I've been playing fantasy baseball for something like twenty years. For about half that time, I've pondered the idea of whether or not on-base-percentage is a superior fantasy statistic to batting average. And even after a decade, I'm still not sure.
Obviously, on-base percentage captures a more complete picture of batters' plate appearances. And as Moneyball taught us, reaching base and avoiding an out is almost as valuable as actually making contact and getting a hit. So shouldn't your fantasy team be rewarded for that?
The most important factor in determining whether or not you should use a category for your fantasy league is not how well it reflects the level of a player's contribution towards his team's success. While you do generally want the best players in baseball to be the most valuable players in your fantasy league, you don't necessarily need them to line up perfectly. I'm sure that OPS+ and FIP and the dozens of other new statistics offer a new numerical method to determine the effectiveness of players in various circumstances. But that statistical fidelity doesn't satisfy the most crucial factor in competing against friends or co-workers in fantasy baseball.

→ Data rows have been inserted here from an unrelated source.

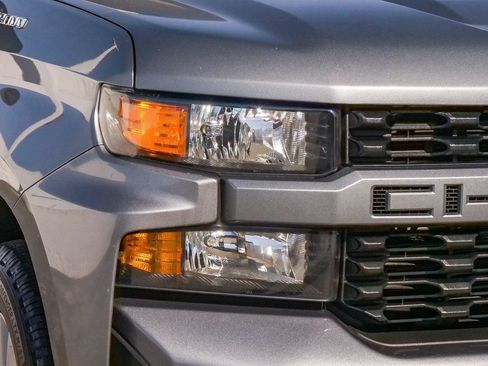 Used 2021 Chevrolet Silverado 1500 Custom image 4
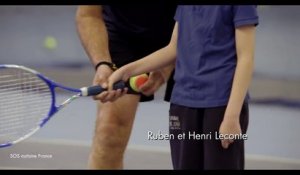 SOS Autisme : Henri Leconte joue au tennis avec Ruben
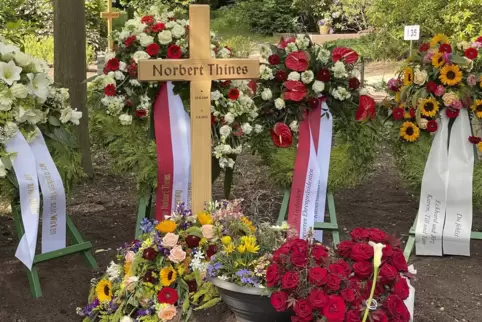 Das Grab von Norbert Thines auf dem Hauptfriedhof.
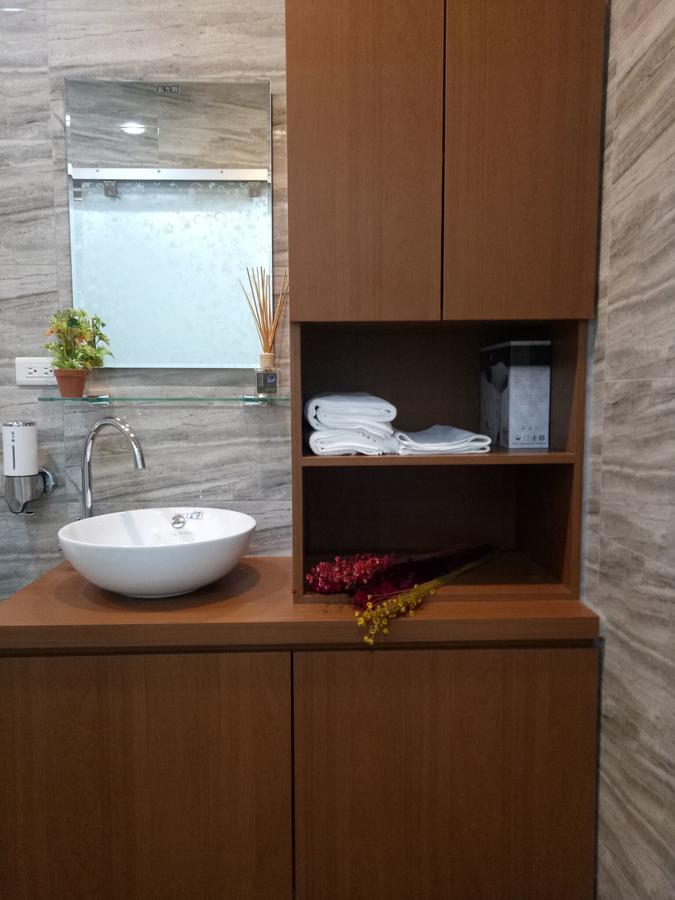Ji Shih Life Style Hotel Tainan Bagian luar foto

Far more important is that the game is fun to play.
The best example of this is the use of pitcher wins as a category. I have an owner in my main league who's asked me multiple times if we should swap out wins and replace them with quality starts (not demanded mind you, just asked). His reasoning was that a pitcher could pitch poorly but still pick up a win. In this regard, pitchers on strong offensive teams get a value bump, and pitchers on weak teams leak a little value. Additionally, relief pitchers get completely shut out of the "quality starts" category, while they can vulture a win from time to time. His position was that quality starts would be a better representation of the "essence" of what a win should mean: a strong outing by a starting pitcher.
Only problem is, that's not what a win is. A win is when a pitcher satisfies the rules that dictate when a pitcher gets credit for a win. The nuances of those rules are part of what make fantasy baseball exciting. When you need one win and you've got no starting pitchers left, but Tony Watson just entered a tie game in the 8th, you've got a shot. That win is fucking ALIVE.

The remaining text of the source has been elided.